Nikolas Visco, a junior on the Riverhead High School varsity football team, was in critical condition Thursday at Stony Brook Children's Hospital after suffering from heatstroke during practice Monday, Dr. Daniel Sloniewsky said.
Visco, 16, also suffered from kidney and liver failure, Sloniewsky said.
"Currently, the main problem is his kidneys," Sloniewsky said Thursday. "He's on dialysis right now and it's not known yet if that is a permanent thing or just a temporary thing."
When asked for a prognosis, Sloniewsky said, "It's a little early to say. . . . He's not getting worse and he might be getting marginally better."
Visco's stepfather, Brian Tirado, told News 12 Long Island: "You see it happen on TV, but it's obviously very, very different when it happens to you. It's hitting very close to home. Mom is understandably upset. I have my moments -- good minutes and bad minutes. I wouldn't say good days yet."
Shortly after practice ended Monday morning, Visco told one of the team's coaches he wasn't feeling well, Riverhead football coach Leif Shay said. The team's trainer called an ambulance, which took Visco to Peconic Bay Medical Center in Riverhead.
Riverhead Superintendent of Schools Nancy Carney said that even though Section XI, the governing body for Suffolk County high school sports, did not declare a heat alert, "Our coaches were practicing under a self-imposed modified heat alert. They were working out in T-shirts and shorts and followed all state guidelines."
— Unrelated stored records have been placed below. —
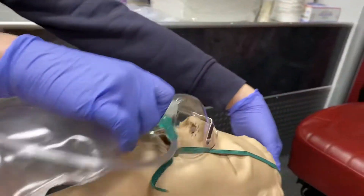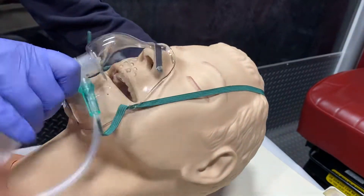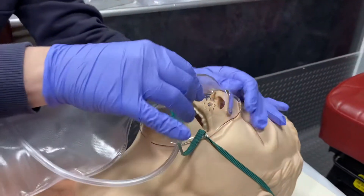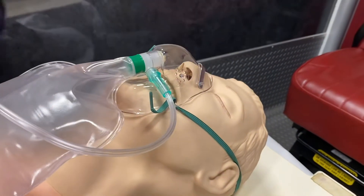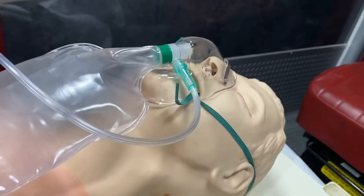When you put this on, you're going to place it over their nose and mouth. The straps will go behind their ears. Then I just try to make this as comfortable as possible for the patient by adjusting it over their nose.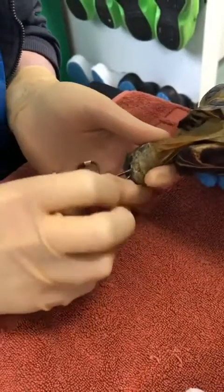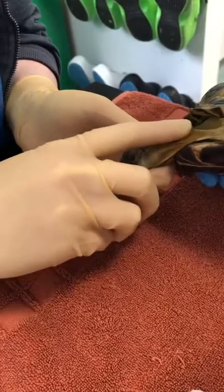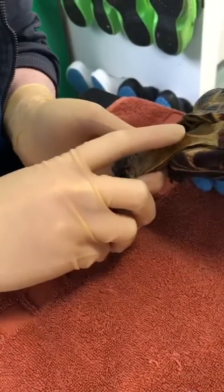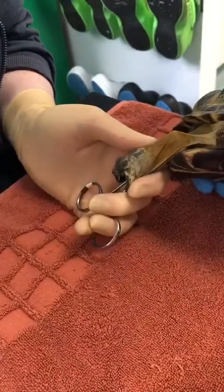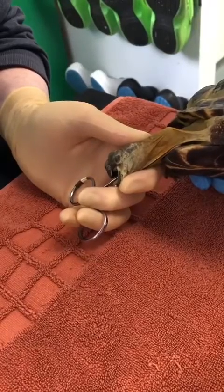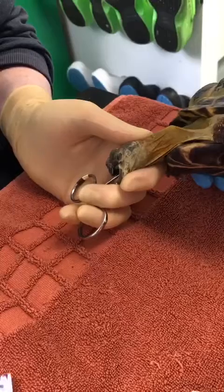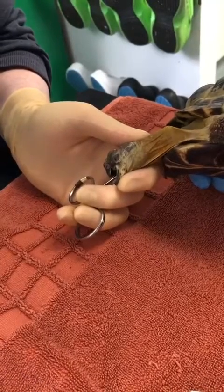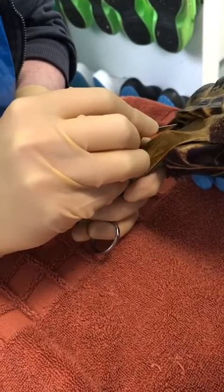We then tent the forceps up against the outside of the neck. So we're in the esophagus — on the outside of the neck we want to move away the carotid artery and the jugular off the point of your artery forceps. Then, using our scalpel, we want to incise over the top of our artery forceps so they can poke through.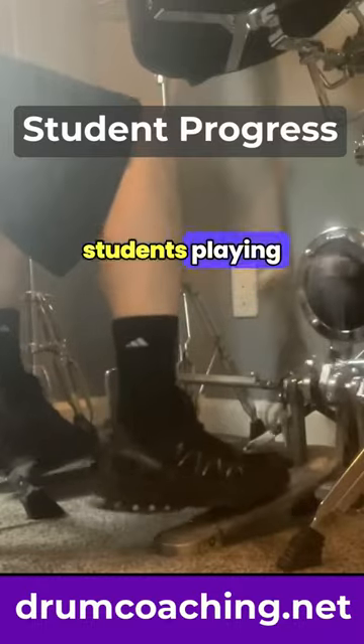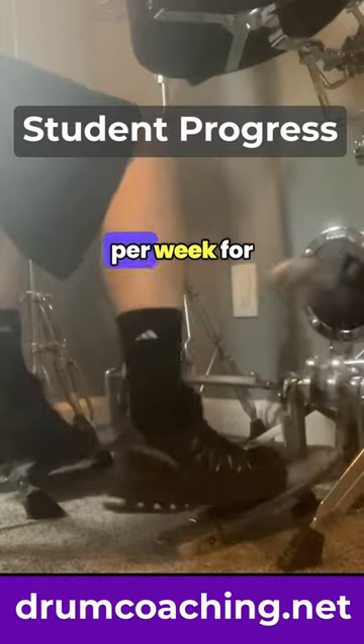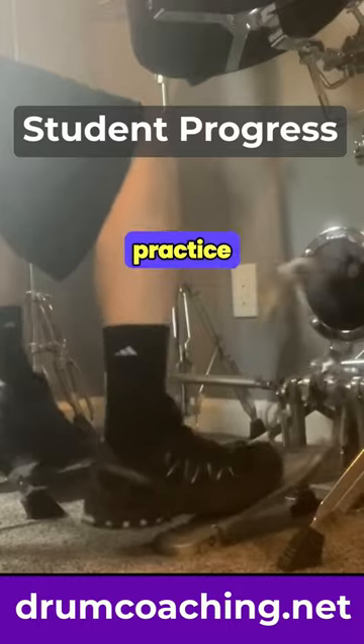Here is one of our double bass students playing at 180 beats per minute. He committed to practicing 3 times per week for 30 minutes per practice session.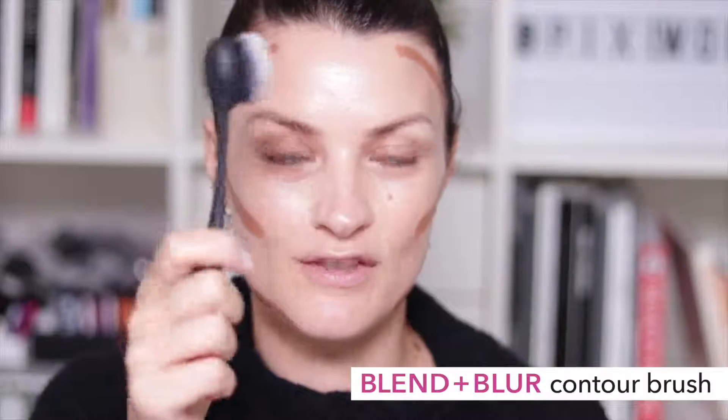Next we're going to add a contour and a highlight. I'm using a stick and taking that all around where I want to create a little shape on the face. Then using my contour brush — that's a little smaller than the foundation brush — I'm going to work this in using those circular motions and blending.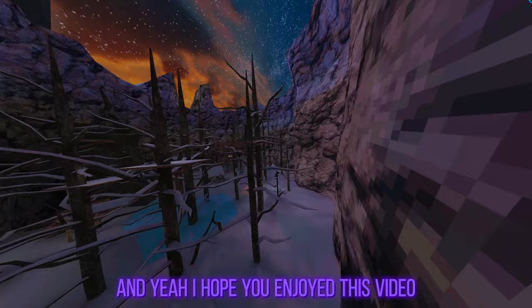And yeah, I hope you enjoyed this video. I'll see you guys in the next one. Goodbye.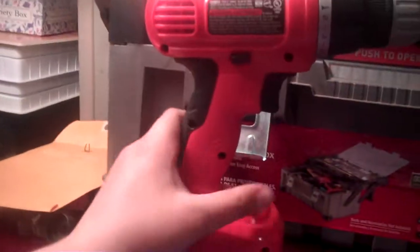And yeah, that's about it. This is just a little unboxing of my Black & Decker new drill. So please comment, rate, subscribe. I'll see you later, guys. Thanks.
Section XI uses the heat index to determine whether to declare an alert. According to the National Weather Service readings for Westhampton Beach, the nearest measuring station, the temperature was 86 on Monday morning and the heat index was 92. A heat alert is mandatory when the index reaches 95.
Shay said the Riverhead ambulance responded within "two, three minutes."
Visco's temperature was 108 degrees when he arrived at Peconic Bay, and the hospital brought his temperature down to 103 before he was transferred to Stony Brook Children's Hospital, Sloniewsky said.
"They used ice, IV fluids and they put him in cooling blankets," Sloniewsky said. "When he arrived with us, his temperature had dropped significantly and within an hour or two, it was down below 100."
However, "he started to suffer failure of many of his organs -- his kidneys, his liver and he's on medicine to keep his blood pressure up," Sloniewsky said.
Sloniewsky added, "He'll probably be in the hospital for weeks, but whether he'll be in the ICU that long is hard to tell."
"My biggest goal and concern right now, above all else, is to get him off the [dialysis] machine and get him responding normally," Tirado told News 12 Long Island. "That's the priority. Anything after that we will deal with. I just want to get him to where he doesn't need a machine to sustain life."